A report by Health Education England (HEE) into the recruitment and retention of mental health nurses warns that ‘if changes are not made immediately, there is a high risk this profession will be lost.’
The vacancy rates of mental health nurses are at high levels, with increasing numbers of nurses leaving the workforce, HEE has warned.
Vacancy rates for nurses in mental health trusts vary between 12% in the North East and Yorkshire, and 20% in the East of England. Mental health trusts account for 28%, or just over 11,300, of all vacancies in nursing.
Leaver rates are also increasing. Having dropped to below 6% during the initial stages of the pandemic, leaver rates are now at 6.9% – levels last seen in 2017-18. ‘This means there is a risk vacant nursing posts will not be filled by nurses, but instead by non-nursing new roles,’ HEE has said.
‘If changes are not made immediately, there is a high risk this profession will be lost,’ it added.
In its report, Commitment and Growth: Advancing Mental Health Nursing Now and for the Future, HEE makes eight system-wide recommendations, including:
- Ensuring mental health nurses are supported and developed when transitioning from student to newly registered nurse.
- Making mental health nursing more of an attractive and accessible profession, with clear career development pathways and opportunities at all levels.
- Supporting professional development so the workforce has time and access to high quality evidence-based training.
- Identifying and promoting the core skills of mental health nurses in all practice settings and in direct response to patients’ needs.
The workforce review subgroup on mental health nursing in England, chaired by Baroness Watkins of Tavistock, established three task and finish groups made up of mental health nurses, clinical and policy experts, and people who have lived experience of mental illness and use of services.
These three groups looked at three key areas – mental health nursing and serious mental illness, children and young people’s mental health, and improving population and public health outcomes.
The report says there must be ‘a renewed focus’ on supporting and developing newly registered mental health nurses, as ‘this is a time of extreme stress and pressure,’ and NRN are most likely to leave the mental health nursing profession during the first two years post registration due to ‘poor experiences in the workplace.’
There must also be ‘a renewed focus on identifying and promoting the core skills of mental health nurses within all practice settings,’ the report says. ‘Today, mental health nurses practice in a multitude of settings’ and there has been an ‘erosion’ of the ‘nurse’, merging into a more generic and underdefined ‘mental health practitioner’ or ‘care coordinator’ role.
In terms of career progression, the report acknowledges ‘it has long been known that, for nurses in mental health, a clear and concise career pathway has been lacking. Developing the way we recruit and retain mental health nurses will positively support nurses to remain in the profession.’

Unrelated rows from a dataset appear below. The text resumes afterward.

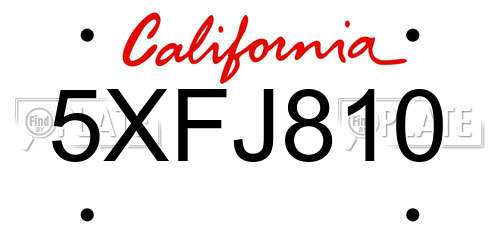 5XFJ810 California License Plate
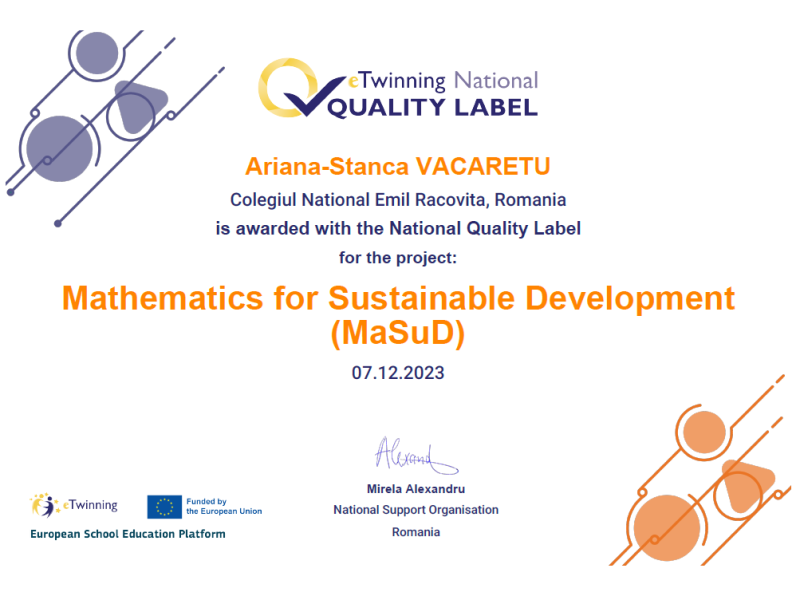 Certificat național de calitate pentru proiectul eTwinning MaSuD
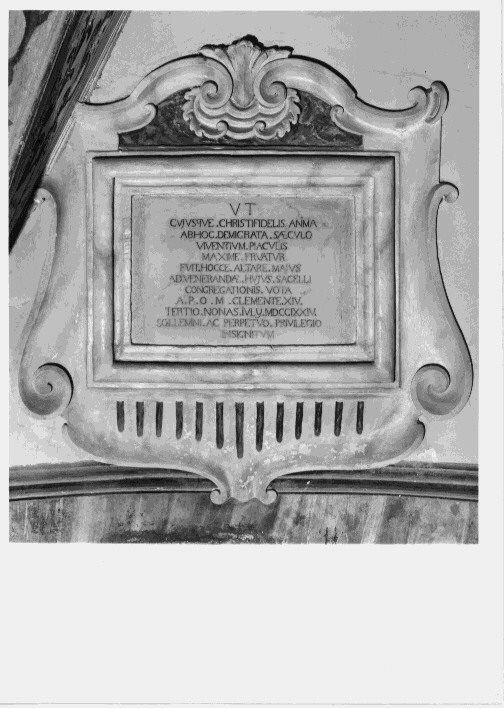 lapide documentaria - bottega Italia meridionale (sec. XVIII)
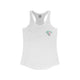 White racerback tank top with a small PICKLEBALLER chest logo featuring crossed pickleball paddles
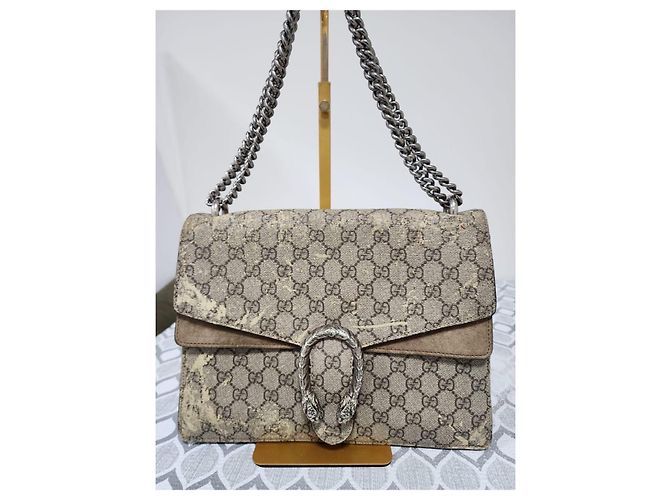 Gucci Dionysus Medium GG Supreme Monogram Borsa a tracolla Beige/Marrone - vista 14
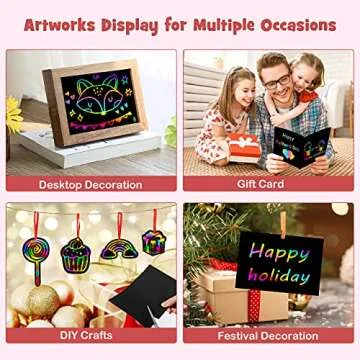 ZMLM Scratch Paper Art Set: 60Pcs Magic Drawing Art Craft Kid Easter Basket Stuffers Scratch Paper Supply Toddler Preschool Learning Toy for Age 3 4 5 6 7 8 Girl Boy Valentine's Day Birthday Gift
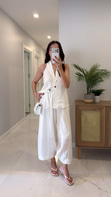 Fotte Ekru Keten Yelek Pantolon Takım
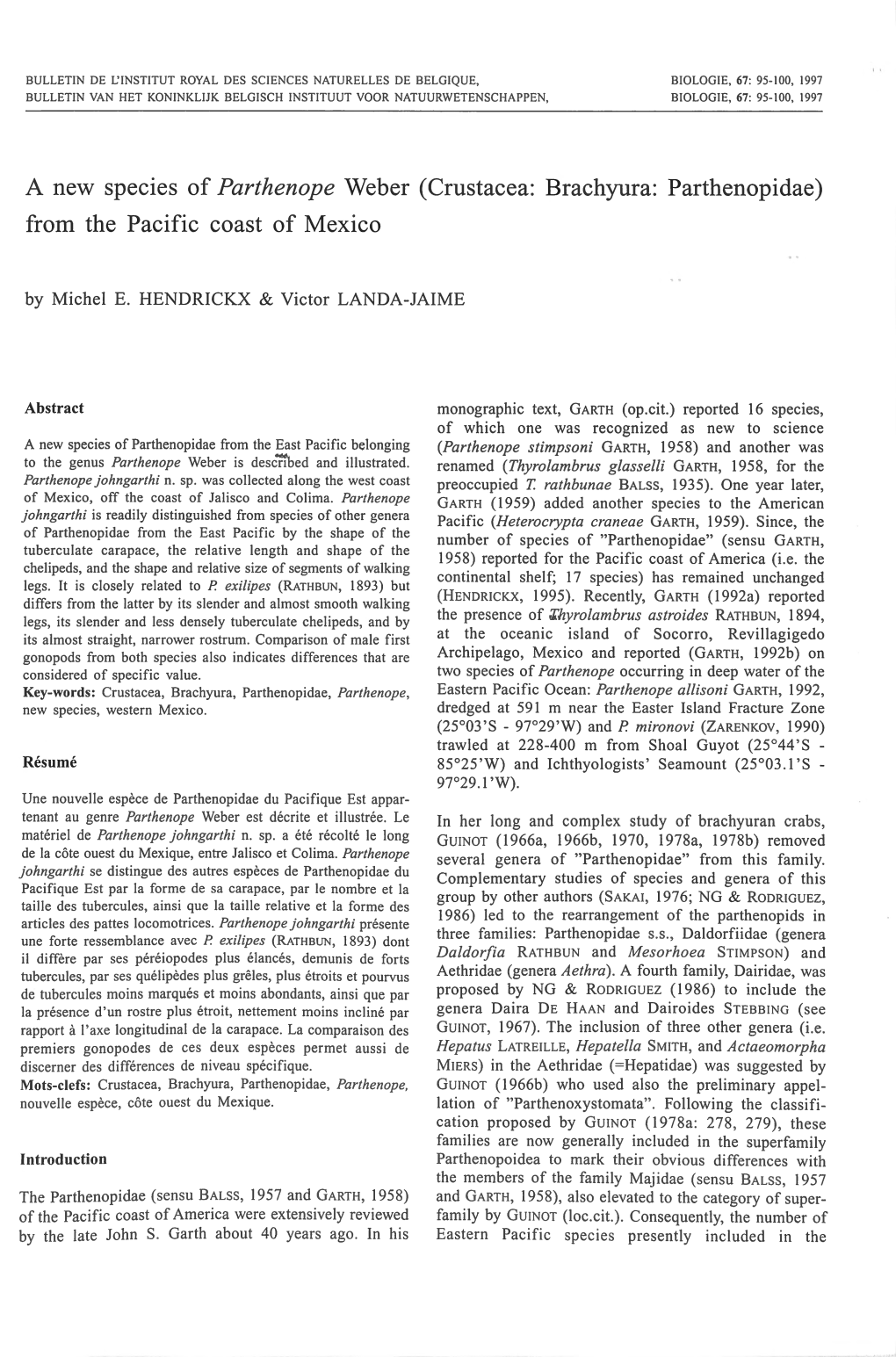 A New Species of Parthenope Weber (Crustacea: Brachyura: Parthenopidae) from the Pacific Coast of Mexico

Professor Mark Radford, chief nurse at HEE, said: ‘Mental health nursing is a phenomenal career that offers the expertise, knowledge and skills to have a life-changing impact on individuals and our communities. For decades, this profession has been a critical part of our national health and social care system, so it is therefore vital we look at the challenges facing our nurses and what can be done to address them.’